De hecho, la película funciona perfectamente como radiografía de la sociedad del momento, con ese machismo heredado de décadas anteriores donde los hombres tenían vidas paralelas en función de la familia o de las amantes del trabajo. Igual que lo mostrado en la serie Mad Men, pero sin la distancia crítica de la mirada actual (lo cual es más difícil y meritorio). Ya se encarga Wilder de atizar ese reprobable comportamiento infiel mediante las odiosas decisiones del personaje de Fred MacMurray, por ejemplo. Y el retrato costumbrista de la sociedad neoyorkina de los sesenta es certero y punzante, y de hecho vemos sus fiestas, su trabajo, sus casas… La ciudad (y no digamos ya el propio apartamento) es un protagonista más, y es de esas películas (junto con Desayuno con Diamantes, por ejemplo) en las que Nueva York nunca estuvo tan bien dibujada (antes de la era Woody Allen).

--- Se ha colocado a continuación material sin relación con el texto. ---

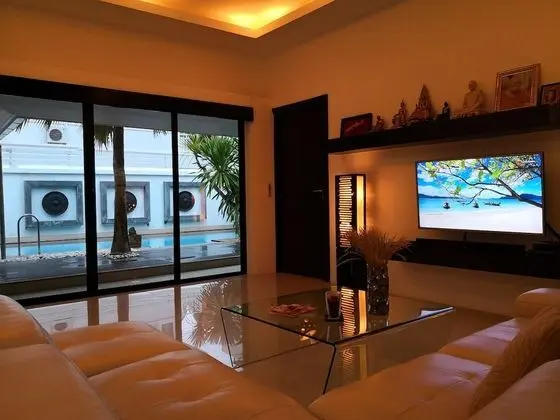 Family Villa with Private Pool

Pero si me tengo que quedar con algo, es el final. Rápido, precipitado, con una sombra de drama dibujado segundos antes, para alegrarnos acto seguido el alma con un final feliz nada previsible, con esa partida de cartas inacabada. Unos minutos antes, (por si en algún momento pensábamos que era un trepa sólo interesado en el ascenso), el personaje de Lemmon ya se ha dignificado de manera absoluta con el juego de llaves de su apartamento, jugando con el espectador, y dejando que por un breve leve instante malinterprete la situación. Toda una jugada que muestra una labor de guión perfecta, y el digno final a una película que durante todo el argumento ha captado la atención del espectador, marcando el ritmo sin que le dé tiempo a aburrirse. Una película perfecta de principio a fin por sus actores, su guión, su fotografía en blanco y negro, su música, su mezcla de drama y comedia, su trama y temática subyacente (la del intento de prosperar a toda costa en una sociedad ultra competitiva), su crítica social, los decorados donde está rodada, y la ciudad que sirve de escenario. Una obra maestra de un genio que difícilmente veremos repetir.

Calificación: Obra maestra.

Lo Mejor: Todo, es la confluencia perfecta de circunstancias en una época que daba grandes películas cada poco tiempo.

Lo Peor: Que ya no se hagan películas así.

La vería de nuevo: Siempre

La Recomiendo: Por supuesto.

Películas similares: Cualquiera de las grandes comedias de Billy Wilder.